# dumb pedal question



## rideahiggins (Mar 19, 2014)

On old Schwinn waffle pedals. How do you get the nuts off of the pedal block bolts? Some just spin with the bolt and I haven't figured out a good way to hold the bolt from spinning. Some I'm just trying to tighten up so the don't wiggle and flex.


----------



## rustjunkie (Mar 19, 2014)

A drop of penetrating oil on the nut/rod helps, and I've had success pushing the head of the rod against a thick piece of ~softish rubber while turning the nut. 
Acts kinda like one of those things that helps take tops off jars.


----------



## Boris (Mar 19, 2014)

alw said:


> A drop of penetrating oil on the nut/rod helps, and I've had success pushing the head of the rod against a thick piece of ~softish rubber while turning the nut.
> Acts kinda like one of those things that helps take tops off jars.

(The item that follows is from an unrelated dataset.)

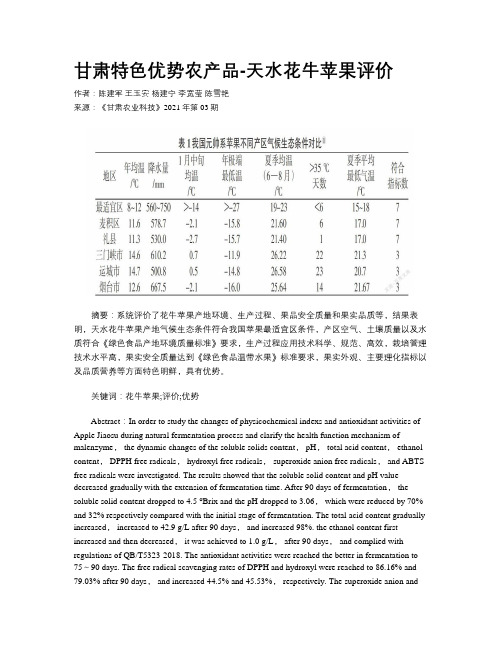 甘肃特色优势农产品-天水花牛苹果评价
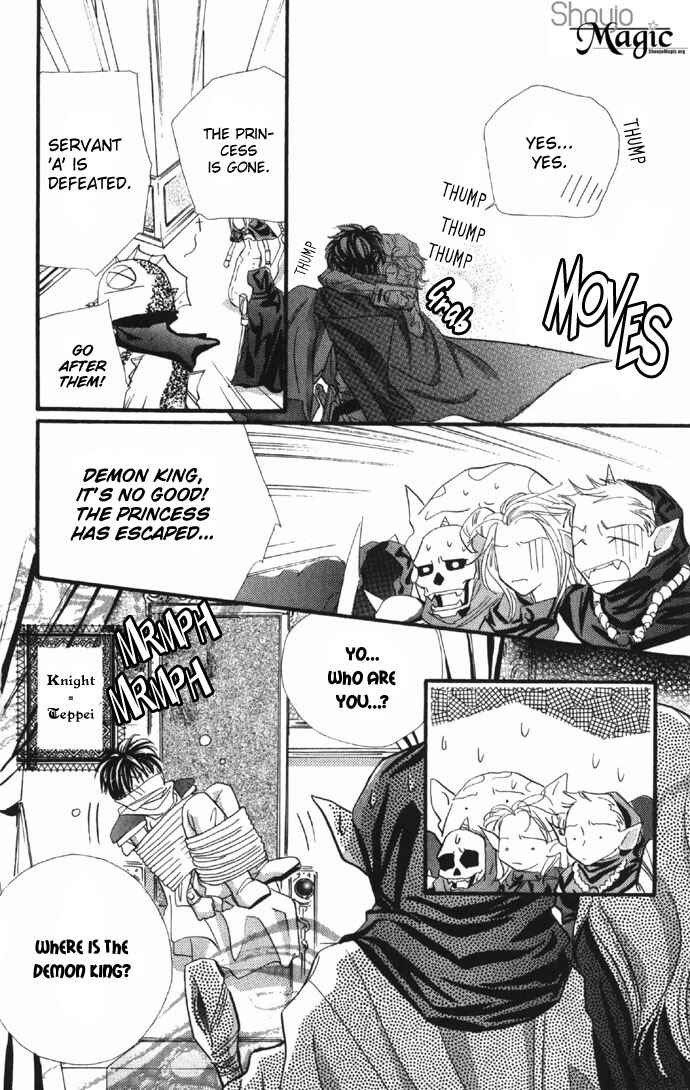Page 5 Chapter 9.5 Yoru Made Matenai.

This question and your answer came along at the perfect time. Thanks!
No excuse for bad design though, especially from a company that knew better!


----------



## vincev (Mar 19, 2014)

Thank you for your editorial Mr.Marko.


----------



## rollfaster (Mar 19, 2014)

Dave Marko said:


> This question and your answer came along at the perfect time. Thanks!
> No excuse for bad design though, especially from a company that knew better!




I agree, some dumb things schwinn did, we're these the German made block pedals?


----------



## Boris (Mar 19, 2014)

How do you like that. Speak of bad design...and one shows up. Hi Vince.


----------



## vincev (Mar 19, 2014)

Good Morning Mr.Marko.Your up early. I thought you got dumber as the day went on but I see you wake up that way.


----------



## Boris (Mar 19, 2014)

Nope, I'm "dumb from dawn to dusk"...and beyond. Just like those Schwinn pedal bolts.


----------